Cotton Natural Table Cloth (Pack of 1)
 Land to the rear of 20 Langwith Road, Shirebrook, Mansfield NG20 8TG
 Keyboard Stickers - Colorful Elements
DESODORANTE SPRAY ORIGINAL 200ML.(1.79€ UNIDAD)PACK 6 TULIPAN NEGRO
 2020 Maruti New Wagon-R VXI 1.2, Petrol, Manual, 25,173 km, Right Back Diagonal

· · · · ·

* [What the task requires]
Return every record above exactly as it appears.

* [Answer for this exercise]
Cotton Natural Table Cloth (Pack of 1)
 Land to the rear of 20 Langwith Road, Shirebrook, Mansfield NG20 8TG
 Keyboard Stickers - Colorful Elements
DESODORANTE SPRAY ORIGINAL 200ML.(1.79€ UNIDAD)PACK 6 TULIPAN NEGRO
 2020 Maruti New Wagon-R VXI 1.2, Petrol, Manual, 25,173 km, Right Back Diagonal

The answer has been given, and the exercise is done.